The private museum has two more months to forge a new direction before its tax-exempt status could be revoked.

Marciano Art Foundation, May 18, 2017 (all photos by the author for Hyperallergic)

LOS ANGELES — Earlier this summer, the Marciano Art Foundation (MAF), the private museum founded by Paul and Maurice Marciano (the owners of the retail company Guess? Inc.) settled a lawsuit with 70 former museum employees. The plaintiffs argued that the foundation had violated the law when it laid them off — and subsequently closed the museum — in November 2019, shortly after the workers announced their intentions to unionize, without giving them “at least 60 days’ written notice before instituting mass layoffs.” (The foundation attributed its decision to close to “low attendance.”) According to the settlement, each of the former visitor services associates would receive about 10 weeks of pay, totaling a gross sum of $205,481 plus $70,000 in attorney fees, and, in exchange, the charge of unfair labor practices would be dropped.

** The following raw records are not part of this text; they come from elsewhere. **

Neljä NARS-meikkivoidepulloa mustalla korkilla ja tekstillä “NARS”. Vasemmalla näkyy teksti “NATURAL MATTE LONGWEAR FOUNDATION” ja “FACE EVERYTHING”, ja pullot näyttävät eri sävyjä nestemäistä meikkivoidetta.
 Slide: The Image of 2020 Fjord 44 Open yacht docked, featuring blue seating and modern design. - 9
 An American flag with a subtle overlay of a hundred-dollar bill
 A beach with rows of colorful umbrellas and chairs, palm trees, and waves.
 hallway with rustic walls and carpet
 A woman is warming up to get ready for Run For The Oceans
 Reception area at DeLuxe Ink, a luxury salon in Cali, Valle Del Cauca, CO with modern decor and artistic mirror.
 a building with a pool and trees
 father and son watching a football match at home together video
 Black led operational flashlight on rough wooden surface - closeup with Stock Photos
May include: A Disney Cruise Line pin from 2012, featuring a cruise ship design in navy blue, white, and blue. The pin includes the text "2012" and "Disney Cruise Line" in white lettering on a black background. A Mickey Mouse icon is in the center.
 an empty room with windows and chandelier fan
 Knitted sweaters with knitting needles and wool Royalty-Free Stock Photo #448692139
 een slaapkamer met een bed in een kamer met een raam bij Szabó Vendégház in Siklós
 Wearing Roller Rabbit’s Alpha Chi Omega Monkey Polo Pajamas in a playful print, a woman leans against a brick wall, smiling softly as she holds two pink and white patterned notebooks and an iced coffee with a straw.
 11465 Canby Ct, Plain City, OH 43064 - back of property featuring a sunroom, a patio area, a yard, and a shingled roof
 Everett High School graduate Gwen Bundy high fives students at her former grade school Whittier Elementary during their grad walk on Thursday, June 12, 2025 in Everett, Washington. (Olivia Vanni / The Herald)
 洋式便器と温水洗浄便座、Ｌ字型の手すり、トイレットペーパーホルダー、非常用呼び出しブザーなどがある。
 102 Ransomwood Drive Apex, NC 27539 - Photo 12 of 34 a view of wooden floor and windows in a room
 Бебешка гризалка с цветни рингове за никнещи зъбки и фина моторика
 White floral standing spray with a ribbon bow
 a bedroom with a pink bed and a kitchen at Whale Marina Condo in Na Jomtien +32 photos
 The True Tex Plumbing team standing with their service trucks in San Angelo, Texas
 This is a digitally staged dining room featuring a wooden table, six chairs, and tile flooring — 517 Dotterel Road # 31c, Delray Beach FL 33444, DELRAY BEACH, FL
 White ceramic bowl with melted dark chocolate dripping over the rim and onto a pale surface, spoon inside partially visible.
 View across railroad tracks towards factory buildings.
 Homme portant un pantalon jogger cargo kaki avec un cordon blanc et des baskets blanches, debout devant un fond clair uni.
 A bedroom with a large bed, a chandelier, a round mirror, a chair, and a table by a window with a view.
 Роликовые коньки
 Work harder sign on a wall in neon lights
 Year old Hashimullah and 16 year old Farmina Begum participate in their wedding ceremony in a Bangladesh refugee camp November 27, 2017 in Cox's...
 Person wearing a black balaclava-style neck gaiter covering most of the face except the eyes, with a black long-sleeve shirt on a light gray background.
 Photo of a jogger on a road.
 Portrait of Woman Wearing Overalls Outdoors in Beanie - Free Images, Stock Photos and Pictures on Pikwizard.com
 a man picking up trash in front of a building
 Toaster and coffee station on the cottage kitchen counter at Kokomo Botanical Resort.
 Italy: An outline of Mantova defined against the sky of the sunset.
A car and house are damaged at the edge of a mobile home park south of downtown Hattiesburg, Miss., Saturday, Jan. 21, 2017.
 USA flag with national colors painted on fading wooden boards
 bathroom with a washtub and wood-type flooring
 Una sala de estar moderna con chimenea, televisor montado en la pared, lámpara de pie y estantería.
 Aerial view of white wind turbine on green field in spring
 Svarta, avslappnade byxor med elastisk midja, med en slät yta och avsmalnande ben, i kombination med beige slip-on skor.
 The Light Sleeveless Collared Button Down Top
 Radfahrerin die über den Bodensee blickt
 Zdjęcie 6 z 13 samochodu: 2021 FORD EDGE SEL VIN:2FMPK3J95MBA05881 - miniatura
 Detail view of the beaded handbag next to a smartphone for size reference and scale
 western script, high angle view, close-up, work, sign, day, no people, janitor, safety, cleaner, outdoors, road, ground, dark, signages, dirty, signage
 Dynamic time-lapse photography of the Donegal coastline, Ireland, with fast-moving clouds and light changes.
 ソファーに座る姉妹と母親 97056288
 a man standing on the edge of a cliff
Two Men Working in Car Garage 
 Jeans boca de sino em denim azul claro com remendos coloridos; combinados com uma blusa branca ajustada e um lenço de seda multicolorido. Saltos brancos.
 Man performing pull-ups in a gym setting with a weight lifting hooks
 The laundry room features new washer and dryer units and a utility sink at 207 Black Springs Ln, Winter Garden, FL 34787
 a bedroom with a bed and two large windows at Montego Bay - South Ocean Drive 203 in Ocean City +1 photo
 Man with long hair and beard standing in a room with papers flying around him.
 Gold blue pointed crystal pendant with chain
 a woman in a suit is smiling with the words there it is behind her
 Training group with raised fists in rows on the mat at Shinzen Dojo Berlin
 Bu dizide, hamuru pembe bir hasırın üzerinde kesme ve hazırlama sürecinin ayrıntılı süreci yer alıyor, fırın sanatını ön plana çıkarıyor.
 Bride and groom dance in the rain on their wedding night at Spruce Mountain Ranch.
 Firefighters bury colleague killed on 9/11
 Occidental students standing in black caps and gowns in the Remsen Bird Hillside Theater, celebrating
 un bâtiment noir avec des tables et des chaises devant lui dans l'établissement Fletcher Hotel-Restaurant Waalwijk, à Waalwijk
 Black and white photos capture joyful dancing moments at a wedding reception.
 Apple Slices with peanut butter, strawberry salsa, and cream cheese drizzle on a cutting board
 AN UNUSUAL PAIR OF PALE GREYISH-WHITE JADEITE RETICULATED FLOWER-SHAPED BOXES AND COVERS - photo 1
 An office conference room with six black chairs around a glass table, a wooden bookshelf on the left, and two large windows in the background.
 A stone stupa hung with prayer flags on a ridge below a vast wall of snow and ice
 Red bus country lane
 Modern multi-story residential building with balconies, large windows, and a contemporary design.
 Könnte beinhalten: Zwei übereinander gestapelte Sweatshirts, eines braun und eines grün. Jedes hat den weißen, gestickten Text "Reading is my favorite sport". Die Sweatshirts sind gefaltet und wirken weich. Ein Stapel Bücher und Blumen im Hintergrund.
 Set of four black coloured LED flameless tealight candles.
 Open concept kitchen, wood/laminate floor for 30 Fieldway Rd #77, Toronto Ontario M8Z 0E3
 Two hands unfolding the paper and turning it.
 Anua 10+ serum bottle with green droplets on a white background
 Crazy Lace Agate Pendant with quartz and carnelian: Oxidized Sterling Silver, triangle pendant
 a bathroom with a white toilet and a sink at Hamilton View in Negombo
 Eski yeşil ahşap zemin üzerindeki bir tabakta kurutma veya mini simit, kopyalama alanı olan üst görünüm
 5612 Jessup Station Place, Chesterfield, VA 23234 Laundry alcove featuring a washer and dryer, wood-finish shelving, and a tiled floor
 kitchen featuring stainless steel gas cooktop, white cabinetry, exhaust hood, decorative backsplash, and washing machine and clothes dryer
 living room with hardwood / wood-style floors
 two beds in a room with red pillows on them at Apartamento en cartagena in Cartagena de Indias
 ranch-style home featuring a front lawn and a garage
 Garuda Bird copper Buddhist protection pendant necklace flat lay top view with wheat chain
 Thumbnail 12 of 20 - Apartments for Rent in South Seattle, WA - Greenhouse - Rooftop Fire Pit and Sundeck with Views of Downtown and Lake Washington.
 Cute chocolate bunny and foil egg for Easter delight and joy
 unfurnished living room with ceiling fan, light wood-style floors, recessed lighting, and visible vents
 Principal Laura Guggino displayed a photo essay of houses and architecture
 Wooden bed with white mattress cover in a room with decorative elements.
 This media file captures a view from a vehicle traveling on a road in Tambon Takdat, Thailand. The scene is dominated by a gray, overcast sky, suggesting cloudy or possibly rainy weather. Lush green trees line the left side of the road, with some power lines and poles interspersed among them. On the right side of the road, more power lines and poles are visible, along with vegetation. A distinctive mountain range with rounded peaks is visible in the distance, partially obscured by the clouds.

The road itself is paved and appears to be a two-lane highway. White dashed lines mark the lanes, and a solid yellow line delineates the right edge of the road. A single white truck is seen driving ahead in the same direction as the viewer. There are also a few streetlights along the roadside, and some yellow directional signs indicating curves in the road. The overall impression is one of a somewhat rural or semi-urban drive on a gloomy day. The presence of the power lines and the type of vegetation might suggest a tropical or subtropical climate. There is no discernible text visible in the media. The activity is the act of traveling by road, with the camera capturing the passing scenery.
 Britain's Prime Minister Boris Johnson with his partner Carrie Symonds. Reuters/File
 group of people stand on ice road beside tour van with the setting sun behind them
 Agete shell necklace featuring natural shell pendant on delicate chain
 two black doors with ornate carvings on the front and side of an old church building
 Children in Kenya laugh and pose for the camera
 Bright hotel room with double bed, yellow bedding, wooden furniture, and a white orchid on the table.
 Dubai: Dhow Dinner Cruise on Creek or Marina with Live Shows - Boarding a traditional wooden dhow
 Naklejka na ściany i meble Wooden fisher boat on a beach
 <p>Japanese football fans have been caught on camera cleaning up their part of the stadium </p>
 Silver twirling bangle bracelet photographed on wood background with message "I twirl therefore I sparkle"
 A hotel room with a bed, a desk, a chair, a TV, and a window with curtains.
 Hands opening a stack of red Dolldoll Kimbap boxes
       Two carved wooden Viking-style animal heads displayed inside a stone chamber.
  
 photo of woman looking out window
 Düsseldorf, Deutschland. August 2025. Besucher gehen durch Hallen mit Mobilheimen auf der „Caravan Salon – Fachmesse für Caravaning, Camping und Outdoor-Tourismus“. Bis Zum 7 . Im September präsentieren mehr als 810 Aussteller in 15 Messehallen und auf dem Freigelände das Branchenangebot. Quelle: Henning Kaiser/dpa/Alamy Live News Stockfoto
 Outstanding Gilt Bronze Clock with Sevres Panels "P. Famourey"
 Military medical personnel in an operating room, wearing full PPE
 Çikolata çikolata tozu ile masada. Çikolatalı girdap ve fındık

This announcement would seem to put an end to the short but tumultuous saga of the museum that had opened its doors only three years earlier — when the Marcianos unveiled their glitzy contemporary art collection housed in the refurbished Scottish Rite Masonic Temple, a monumental white box on Wilshire Boulevard originally designed by Millard Sheets in 1961. The MAF had closed, that was certain, and the lawsuit brought by its workers was settled, but what would happen to the landmark building that the Marciano brothers had purchased in 2013 for $8 million?

At the end of July, a week after the settlement was announced, ArtNet reported that Gagosian, the mega-gallery with 18 spaces around the world, would be taking over part of the building. Gagosian would move into the building’s theater gallery, a 13,000-square-foot, two-story high space, beginning in January 2021, while the foundation would continue to occupy the rest. Further details were not forthcoming. A spokesperson for Gagosian would only say that the gallery had “reached an exclusive occupancy arrangement with the Marciano Art Foundation.” When Hyperallergic asked over email if that meant the gallery would be renting space from the MAF, the spokesperson clarified: “‘Exclusive occupancy arrangement’ is the correct way to describe the agreement.”

Although unexpected, the announcement was not exactly surprising, given the fact that the Marcianos have been long-time clients of Gagosian. Several of the artists on view at the MAF are on the gallery’s roster: Takashi Murakami, Mark Grotjahn, Alex Israel, Urs Fischer, Sterling Ruby, and Jonas Wood, among others, leading to speculation that when the building reopens, it might offer much of the same, just under a different name. (The Marciano Art Foundation did not return email requests for comment.)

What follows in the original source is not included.